Directions:
Only the lines from the one bearing "Dijual rumah mewah" through the end of the listing belong in your response, restated word for word and without pictures.

____

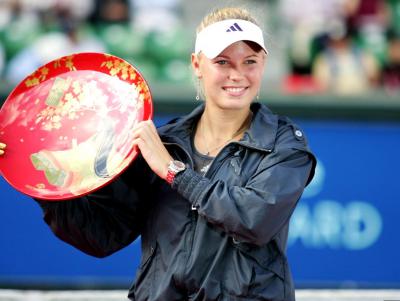 Каролин Возняцки переигрывает Анастасию Павлюченкову в финале Toray Pan Pacific Open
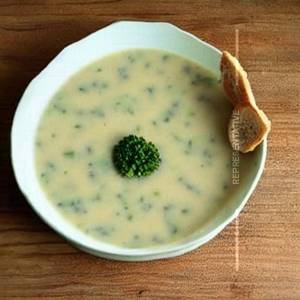 Cream Of Almond Broccoli Soup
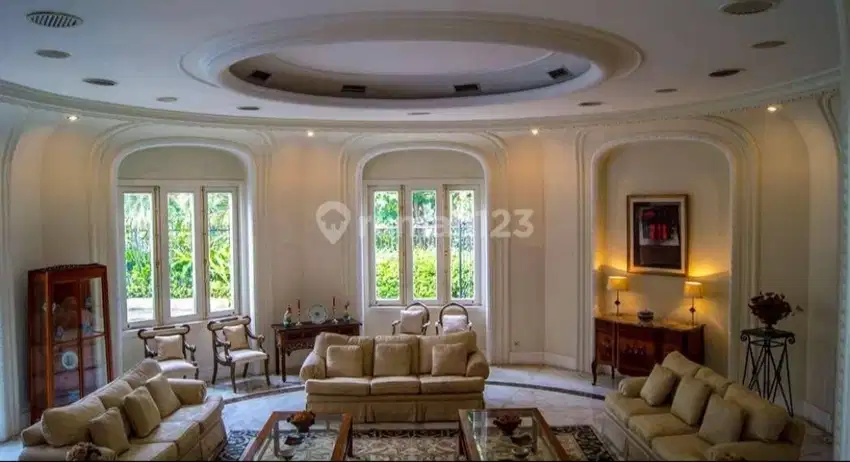 Dijual rumah mewah di Mega kuningan Jakarta selatan siap huni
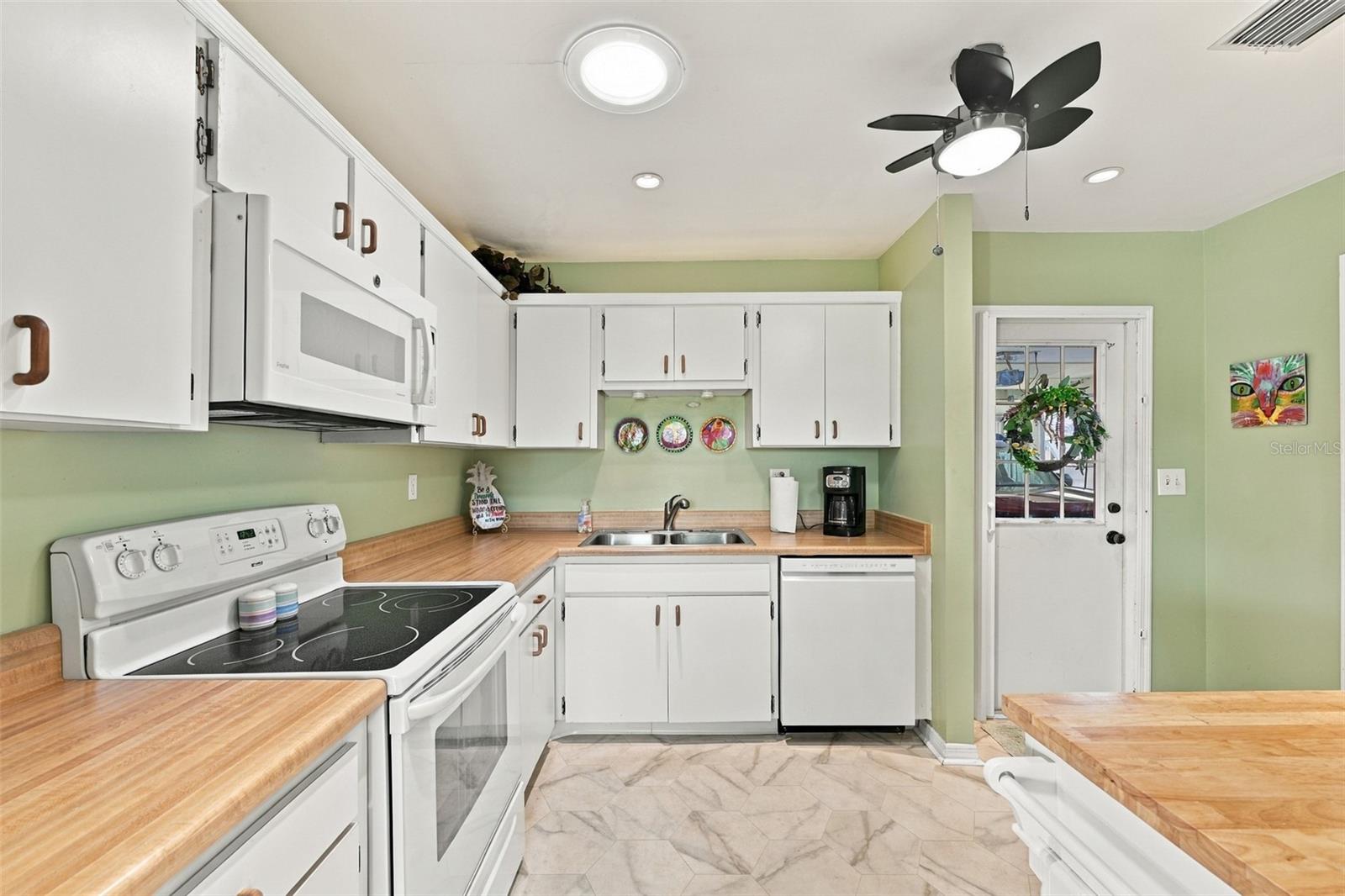 215 GENET CT — photo 19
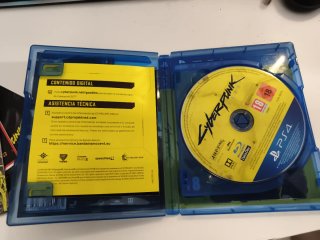 Cyberpunk 2077 Edición Día Uno PS4 falta pegatinas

____

Solution to this problem:
 Dijual rumah mewah di Mega kuningan Jakarta selatan siap huni
 215 GENET CT — photo 19
 Cyberpunk 2077 Edición Día Uno PS4 falta pegatinas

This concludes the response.